JUSTICE TO LAUNCH FULL PROBE IN BALTIMORE: U.S. Attorney General Loretta Lynch plans to launch a full-scale civil rights investigation into use of force by Baltimore police officers, according to sources with knowledge of the matter. John Fritze, Mark Puente and Ian Duncan of the Sun write that the decision came as local officials pressed the Department of Justice to launch an inquiry similar to investigations into police departments in Ferguson, Mo., and Cleveland, examining whether officers engaged in patterns of excessive force. In both of those cities, unrest erupted after unarmed people were killed by police.
- Lynch’s announcement about the Justice Department’s probe — the latest in a string of municipalities that are being investigated by the federal government for civil rights violations — could come as early as Friday, Sari Horwitz reports in the Post. One place to start is the gulf between the city’s police department and residents.

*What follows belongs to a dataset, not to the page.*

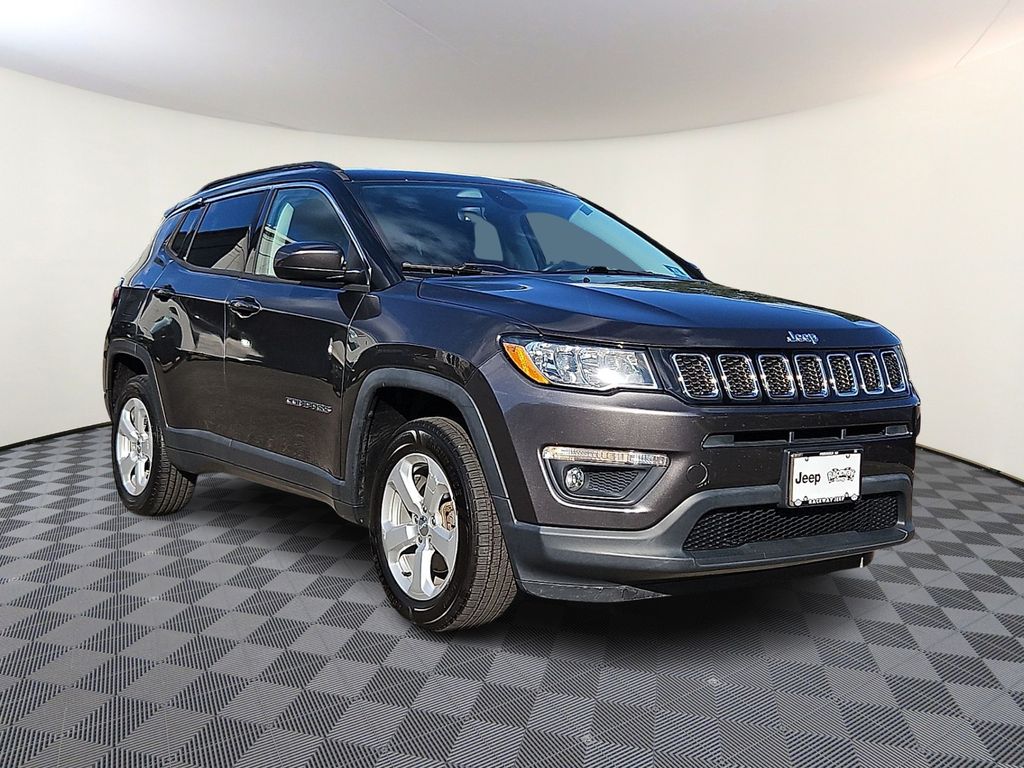 Gray (Granite Crystal Metallic Clearcoat) 2018 Jeep Compass SUV / Crossover Four-Wheel Drive 9-Speed Automatic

- The editorial board for the Frederick News Post writes that a full Justice Department civil-rights investigation into Baltimore’s police department, akin to the one conducted in Ferguson, Mo., would be a costly and involved undertaking. But it needs to happen if any semblance of trust is to be rekindled between the citizens of the city and those who enforce its law.
CUMMINGS REFLECTS: U.S. Rep. Elijah Cummings says he saw anger, fear and frustration but also hope, inspiration and love throughout West Baltimore last week. He talked with Luke Broadwater of the Sun about the regular citizens he saw step up in a trying time, the most surreal moment he witnessed and the surprising alliance between authorities and street gangs.
CUMMINGS TO HOLD BANKING FORUM: U.S. Rep. Elijah Cummings will hold a forum in Baltimore next week to explore whether the banking industry is neglecting inner-city neighborhoods, forcing residents to rely on predatory lenders and high-fee check cashing services. John Fritze of the Sun writes that Cummings has suggested that the lack of economic opportunity and financial services has harmed urban areas and communities of color, trapping consumers in a “cycle of high fees and debt.”
CARSON: IT’S THE ECONOMY: Ben Carson, the retired Hopkins neurosurgeon who announced his presidential campaign this week, returned to Baltimore on Thursday to tell community leaders here that the way to relieve tensions with police and help impoverished neighborhoods is to fix the nation’s economy.
O’MALLEY HIRES TOP OBAMA AIDE: As he prepares to launch a White House bid in the coming weeks, former Maryland Gov. Martin O’Malley has brought on a former aide to President Obama to serve as his national political director, John Wagner reports for the Post.